◆ **Task instructions**
For the listing below, output exactly the lines from the line with "Uncle Sam - Tails" up to and including the line with "REEBOK Кроссовки Reebok", and no other lines.

————————

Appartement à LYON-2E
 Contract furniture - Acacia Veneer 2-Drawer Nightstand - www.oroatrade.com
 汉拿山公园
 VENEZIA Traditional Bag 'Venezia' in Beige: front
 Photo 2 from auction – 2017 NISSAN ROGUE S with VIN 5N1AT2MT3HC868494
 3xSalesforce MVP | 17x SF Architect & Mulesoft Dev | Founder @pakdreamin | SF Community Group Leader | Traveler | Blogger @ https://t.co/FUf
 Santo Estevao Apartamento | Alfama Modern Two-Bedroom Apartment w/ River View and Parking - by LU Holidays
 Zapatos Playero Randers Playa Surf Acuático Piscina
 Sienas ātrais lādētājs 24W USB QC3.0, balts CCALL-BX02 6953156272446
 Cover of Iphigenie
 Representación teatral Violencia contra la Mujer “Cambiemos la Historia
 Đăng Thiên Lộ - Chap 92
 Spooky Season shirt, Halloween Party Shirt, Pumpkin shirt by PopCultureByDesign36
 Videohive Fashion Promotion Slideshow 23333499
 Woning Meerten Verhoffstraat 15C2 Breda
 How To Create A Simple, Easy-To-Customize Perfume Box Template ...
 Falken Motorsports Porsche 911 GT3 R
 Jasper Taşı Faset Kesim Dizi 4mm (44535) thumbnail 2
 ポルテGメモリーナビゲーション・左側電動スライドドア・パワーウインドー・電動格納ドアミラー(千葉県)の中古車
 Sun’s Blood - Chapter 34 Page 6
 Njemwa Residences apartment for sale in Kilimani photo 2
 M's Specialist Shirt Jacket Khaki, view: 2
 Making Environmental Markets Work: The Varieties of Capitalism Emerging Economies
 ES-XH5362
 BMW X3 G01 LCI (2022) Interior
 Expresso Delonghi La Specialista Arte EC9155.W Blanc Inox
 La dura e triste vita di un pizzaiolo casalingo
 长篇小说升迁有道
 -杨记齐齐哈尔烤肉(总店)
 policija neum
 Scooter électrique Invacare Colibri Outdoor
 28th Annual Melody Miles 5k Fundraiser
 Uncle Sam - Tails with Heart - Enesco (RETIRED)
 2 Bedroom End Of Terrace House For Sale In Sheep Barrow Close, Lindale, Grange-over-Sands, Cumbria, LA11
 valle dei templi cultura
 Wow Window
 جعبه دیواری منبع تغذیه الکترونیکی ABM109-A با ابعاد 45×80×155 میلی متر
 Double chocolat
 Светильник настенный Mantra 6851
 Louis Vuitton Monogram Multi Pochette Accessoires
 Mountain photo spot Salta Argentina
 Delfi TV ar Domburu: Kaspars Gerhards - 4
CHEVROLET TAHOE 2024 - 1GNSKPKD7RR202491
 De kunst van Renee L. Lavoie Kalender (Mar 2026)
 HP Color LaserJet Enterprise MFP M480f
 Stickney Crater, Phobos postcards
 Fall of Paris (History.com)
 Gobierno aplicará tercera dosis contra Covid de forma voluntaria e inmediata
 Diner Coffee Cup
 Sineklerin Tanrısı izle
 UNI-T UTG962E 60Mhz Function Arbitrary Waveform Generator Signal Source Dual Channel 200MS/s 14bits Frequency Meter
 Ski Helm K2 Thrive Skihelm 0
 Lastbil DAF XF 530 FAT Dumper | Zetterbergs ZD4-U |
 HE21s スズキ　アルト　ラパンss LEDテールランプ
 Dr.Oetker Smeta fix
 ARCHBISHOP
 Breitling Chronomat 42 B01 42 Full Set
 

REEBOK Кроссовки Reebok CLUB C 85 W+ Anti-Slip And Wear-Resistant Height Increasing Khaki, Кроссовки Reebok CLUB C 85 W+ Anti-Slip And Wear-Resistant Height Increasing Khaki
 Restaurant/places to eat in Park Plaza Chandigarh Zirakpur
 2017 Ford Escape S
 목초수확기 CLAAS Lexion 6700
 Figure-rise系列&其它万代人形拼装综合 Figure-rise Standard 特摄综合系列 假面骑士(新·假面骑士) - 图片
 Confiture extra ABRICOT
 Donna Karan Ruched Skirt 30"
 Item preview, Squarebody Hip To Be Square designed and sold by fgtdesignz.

————————

◆ **Task answer**
 Uncle Sam - Tails with Heart - Enesco (RETIRED)
 2 Bedroom End Of Terrace House For Sale In Sheep Barrow Close, Lindale, Grange-over-Sands, Cumbria, LA11
 valle dei templi cultura
 Wow Window
 جعبه دیواری منبع تغذیه الکترونیکی ABM109-A با ابعاد 45×80×155 میلی متر
 Double chocolat
 Светильник настенный Mantra 6851
 Louis Vuitton Monogram Multi Pochette Accessoires
 Mountain photo spot Salta Argentina
 Delfi TV ar Domburu: Kaspars Gerhards - 4
CHEVROLET TAHOE 2024 - 1GNSKPKD7RR202491
 De kunst van Renee L. Lavoie Kalender (Mar 2026)
 HP Color LaserJet Enterprise MFP M480f
 Stickney Crater, Phobos postcards
 Fall of Paris (History.com)
 Gobierno aplicará tercera dosis contra Covid de forma voluntaria e inmediata
 Diner Coffee Cup
 Sineklerin Tanrısı izle
 UNI-T UTG962E 60Mhz Function Arbitrary Waveform Generator Signal Source Dual Channel 200MS/s 14bits Frequency Meter
 Ski Helm K2 Thrive Skihelm 0
 Lastbil DAF XF 530 FAT Dumper | Zetterbergs ZD4-U |
 HE21s スズキ　アルト　ラパンss LEDテールランプ
 Dr.Oetker Smeta fix
 ARCHBISHOP
 Breitling Chronomat 42 B01 42 Full Set
 

REEBOK Кроссовки Reebok CLUB C 85 W+ Anti-Slip And Wear-Resistant Height Increasing Khaki, Кроссовки Reebok CLUB C 85 W+ Anti-Slip And Wear-Resistant Height Increasing Khaki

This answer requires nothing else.